## Data listing
* * *

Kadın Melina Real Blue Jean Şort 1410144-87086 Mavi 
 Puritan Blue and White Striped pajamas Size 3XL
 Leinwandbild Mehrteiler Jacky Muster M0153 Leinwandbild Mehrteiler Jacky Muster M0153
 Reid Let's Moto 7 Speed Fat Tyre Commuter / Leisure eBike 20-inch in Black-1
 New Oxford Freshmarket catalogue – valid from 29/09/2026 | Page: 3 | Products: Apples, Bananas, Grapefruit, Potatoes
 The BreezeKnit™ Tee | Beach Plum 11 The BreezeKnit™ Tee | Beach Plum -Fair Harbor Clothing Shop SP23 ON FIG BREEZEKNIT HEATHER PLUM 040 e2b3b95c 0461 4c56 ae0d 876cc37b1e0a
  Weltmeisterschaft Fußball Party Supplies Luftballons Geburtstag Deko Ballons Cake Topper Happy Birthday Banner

* * *

## Work item
Having found the line with "New Oxford Freshmarket", transcribe it and each line after it to the end of the entries, with no other lines.

## Your solution
 New Oxford Freshmarket catalogue – valid from 29/09/2026 | Page: 3 | Products: Apples, Bananas, Grapefruit, Potatoes
 The BreezeKnit™ Tee | Beach Plum 11 The BreezeKnit™ Tee | Beach Plum -Fair Harbor Clothing Shop SP23 ON FIG BREEZEKNIT HEATHER PLUM 040 e2b3b95c 0461 4c56 ae0d 876cc37b1e0a
  Weltmeisterschaft Fußball Party Supplies Luftballons Geburtstag Deko Ballons Cake Topper Happy Birthday Banner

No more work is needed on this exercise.